Where do you all get your Monkey Farts from and does it go dark or accelerate? I've only tried NGs and it didn't smell anything like bananas to me.


----------



## hsmomof4 (Oct 31, 2008)

AHRE, yes, it goes dark brown, doesn't smell strictly like bananas, to me it smells fruity/coconutty/sweet. OOB, I detect a buttery sort of a note, but I don't smell that in my finished soap. It's been too long since I made it that I don't remember if it accelerated. Probably not too much.


----------



## Faye Farms (Sep 14, 2009)

I use NG's too. Good to know AHRE's goes brown. I really don't need another brown soap. NG's accelerates a bit but at least it stays a nice creamy color.


----------



## adillenal (Feb 6, 2009)

I don't do soaps for children specifically. When someone is looking for a goat milk soap for a child they are usually looking for unscented since the child may have skin issues. Now that is from my personal experience. My customer base can be way different from yours.


----------



## LynninTX (Oct 25, 2007)

Not specifically for kids, but I had a Christmas scent that I did special for little girls... and many of the ones at market repeatedly pick up the Strawberry Kiwi (layered pink & green soap)...
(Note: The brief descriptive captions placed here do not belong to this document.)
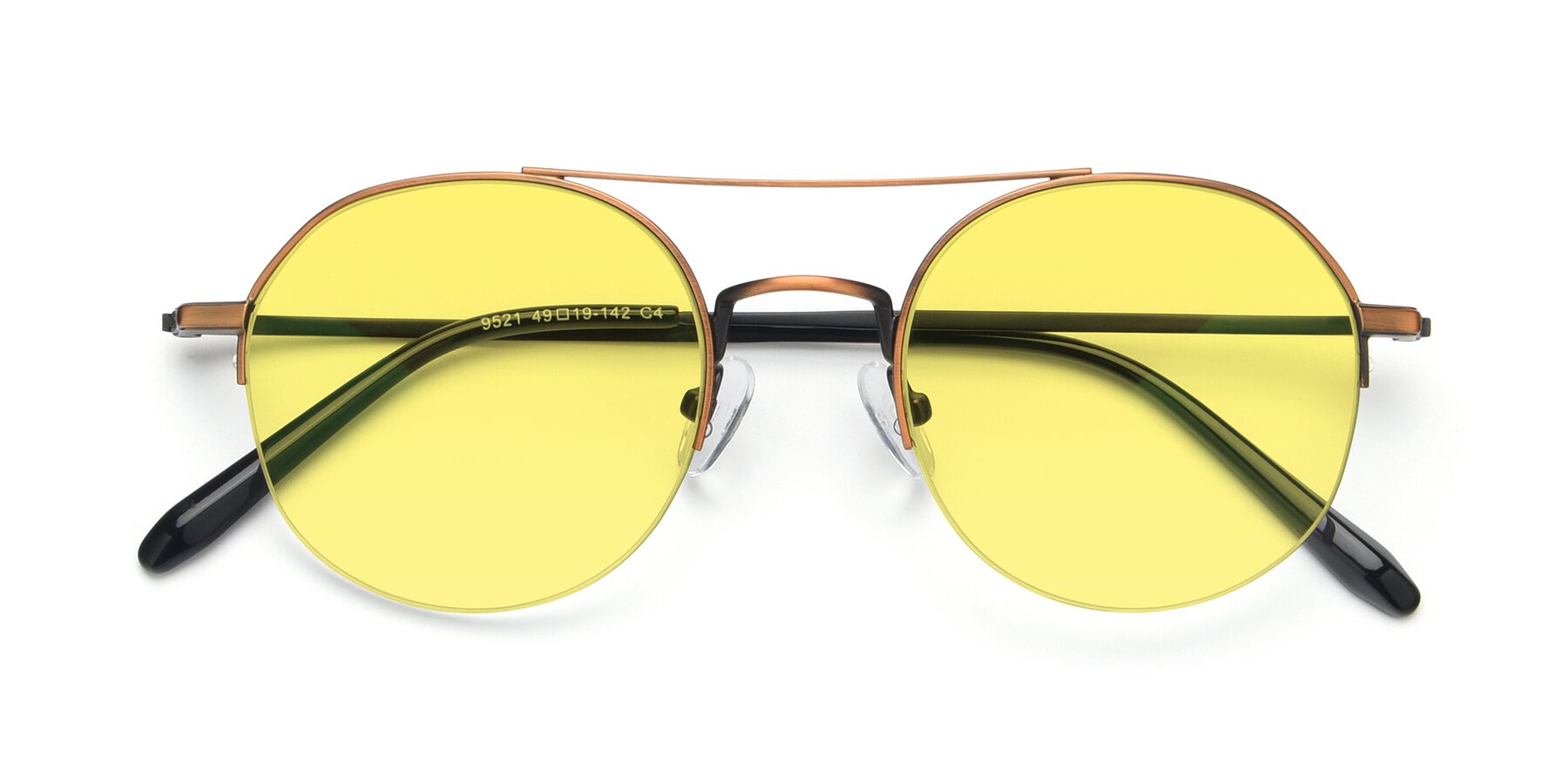 Folded Front of 9521 in Bronze with Medium Yellow Tinted Lenses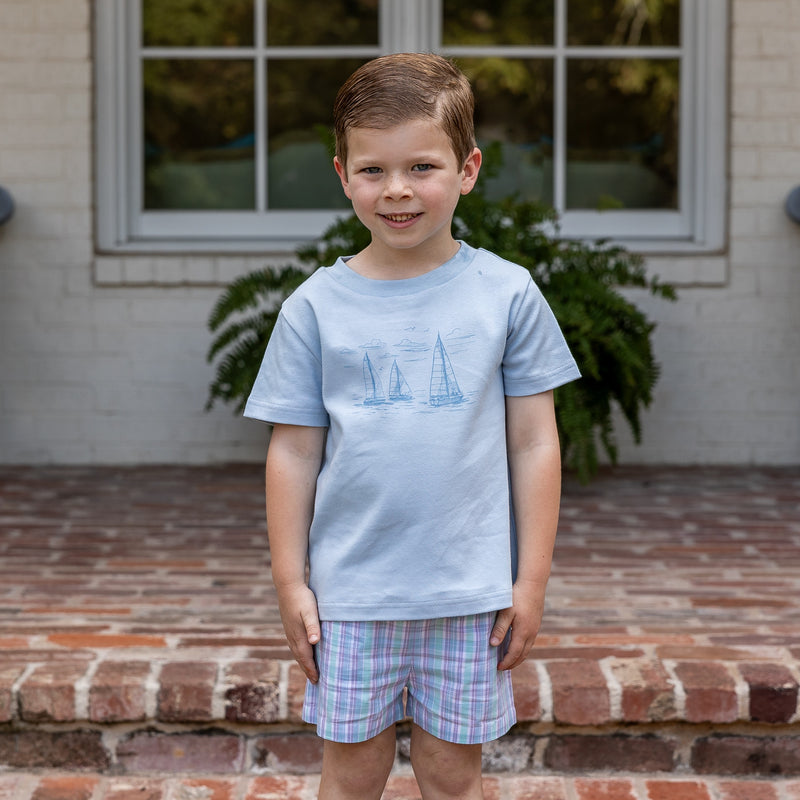 SAMPLE Boys Crew Shirt - Sailboat Scene Sizes 4 and 5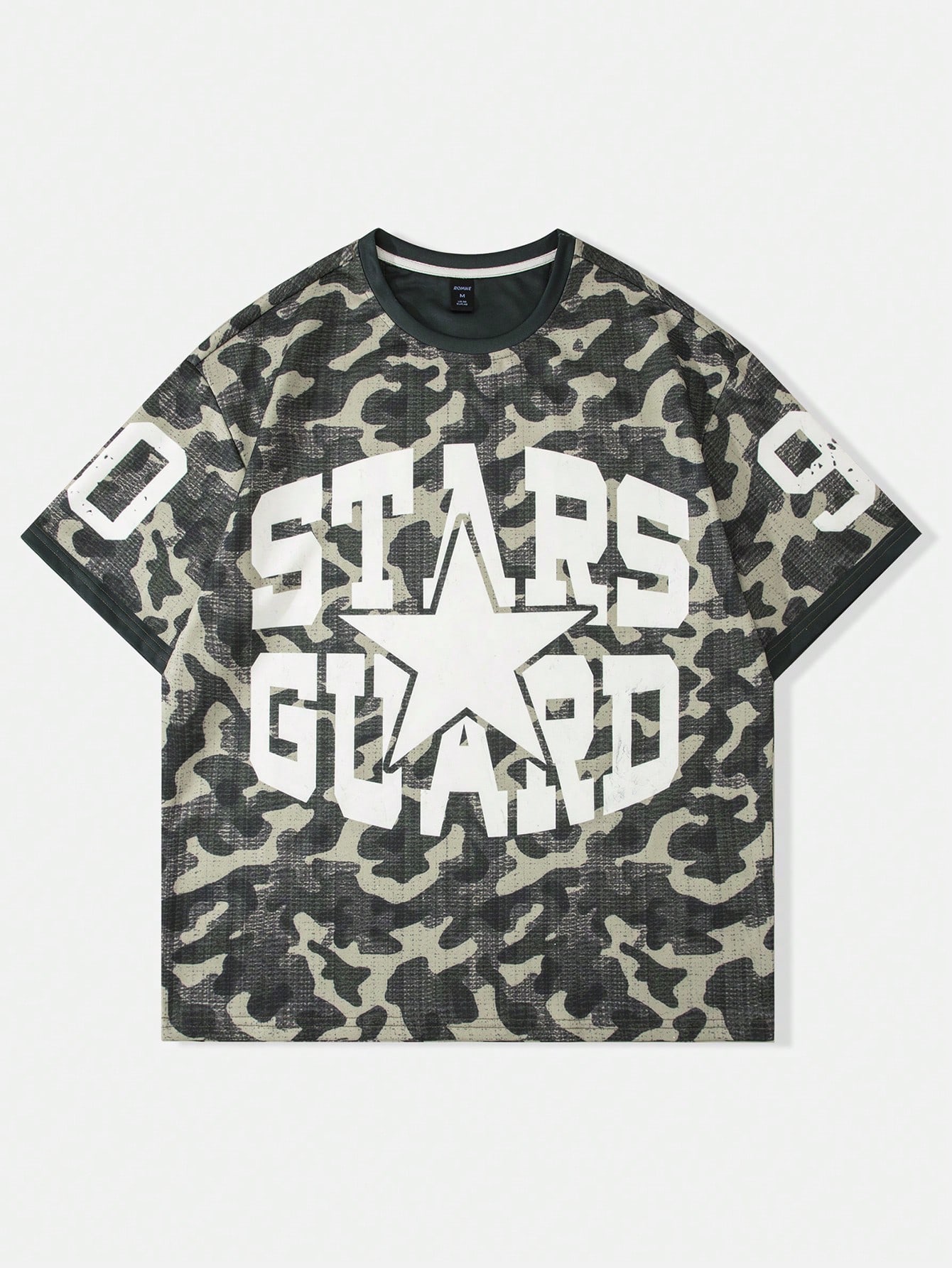 Street Life Men Vintage Distressed Camouflage Loose Short Sleeve T-Shirt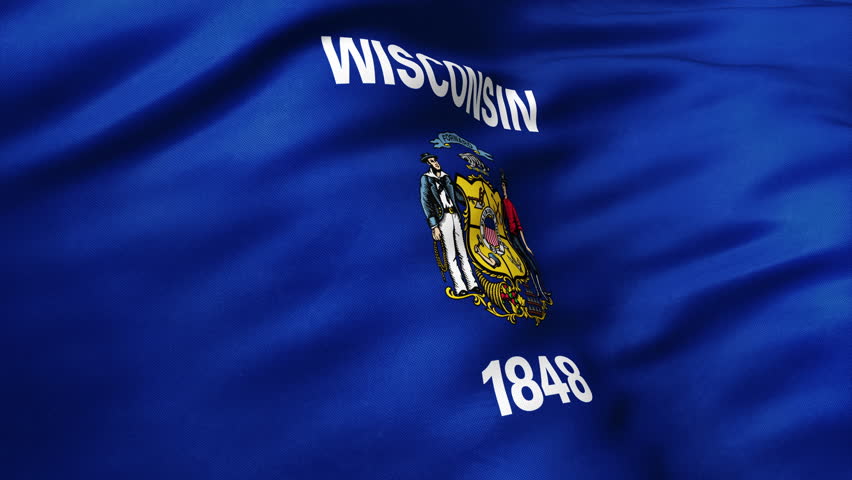 Close up view of Wisconsin flag video waving in wind. Realistic flag background, fabric textured, perfect loop, official colors, 4K video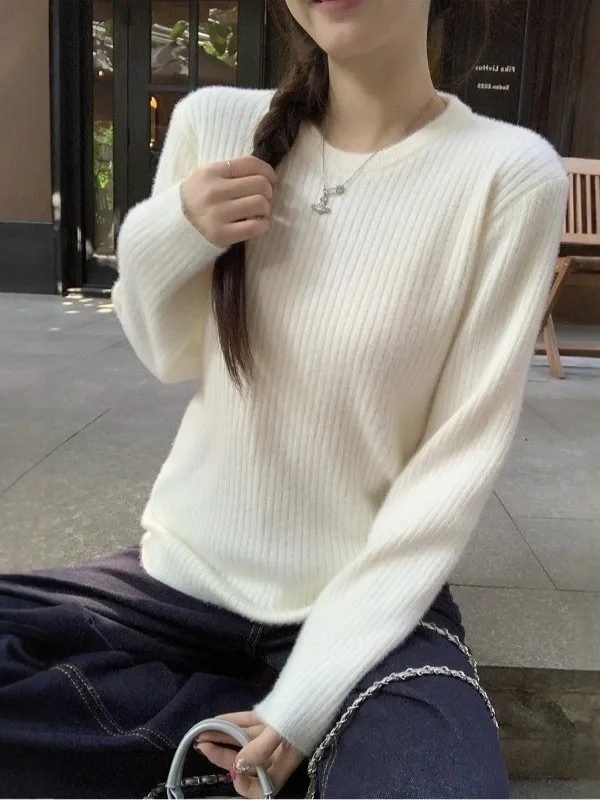 Korean Style round Neck Knitted Sweater Women Early Spring Autumn 2026 Overhead Versatile Base Color Light Brown Commute Outfit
but a funny... a mom bought Dragon's Blood to get her 12yos to shower... she came back to tell me it worked! LOL


----------



## Dorit (Apr 20, 2011)

:rofl


----------



## hsmomof4 (Oct 31, 2008)

An update on AHRE Monkey Farts, which I made last night: it ACCELERATES!! I looked at my old notes, and it said it moved fast, so I just stirred with a spatula for a while and it was just getting to where I was like...hmmm, are we at trace yet? Maybe I should just hit it with my stick blender for a sec. Well, that was a mistake. It went from not quite to trace to applesauce in seconds and then from applesauce to solid soap in the time it took me to pour it in the molds.


----------



## [email protected] (Sep 18, 2008)

I've been using Monkey Love (Brambleberry), it smells more like banana bread. No A, D to med brown. I don't like the name 'Monkey Farts' :/ so I load it full of chunks from odds/ends of other soaps and call it 'Chunky Monkey'. 
I got a bottle of Monkey Farts from AHRE (cheaper) and it is *fruitier*, guess I'll use that in lotions/candles/etc. and get another bottle of Brambleberry's for soap. Can't have it seizing with chunks in it. Gotta use a canning funnel as it is to get it poured into PVC. :/

I also do Sugar Plum Fairy (Brambleberry) that sells well for young girls all year. Cowboy Up! (Leather) and Dragon's Fire (same as Pink Dragon) sell well for young men as well as older guys. Then there's the cross-overs, that just sell well to anyone...Peppermint Pattie, Orange Clove, Apple Cinnamon, Chocolate Coconut Cheesecake....hmmm...food scents.
I have a BUNCH of 2oz samples of *traditional* kid scents--Tutti Fruity, Bubble Gum, Grape Soda... that I need to do. I just hate doing half batches of soap when I usually do double batches. :/


----------



## Dorit (Apr 20, 2011)

Maybe I should have asked if you sell enough soap for kids that its worth giving the customer yet another choice. After doing just 4 shows this month I've come to the conclusion that I want to limit the number of choices I offer. Two of each category and three or four of my favorite ones. Knowing the 4 major categories helps me make sure I cover all bases.


----------



## NubianSoaps.com (Oct 26, 2007)

My girlfriend Kenny was out helping me trim feet on all the preggo's and tattoo the babies....her 5 year old grand daughter went into the soap room with my 6 year old grandson, to get her some soap. She came out with a unnamed mixture soap (pink sugar and love spell in equal portions) and cucumber mellon....shocking because most kids choose the honecomb with the bee pick in it or pink sugar....she didn't even pick the Christmas mint soap with the bendable santa bears in them!!!


----------



## adillenal (Feb 6, 2009)

Dorit said:


> Maybe I should have asked if you sell enough soap for kids that its worth giving the customer yet another choice. After doing just 4 shows this month I've come to the conclusion that I want to limit the number of choices I offer. Two of each category and three or four of my favorite ones. Knowing the 4 major categories helps me make sure I cover all bases.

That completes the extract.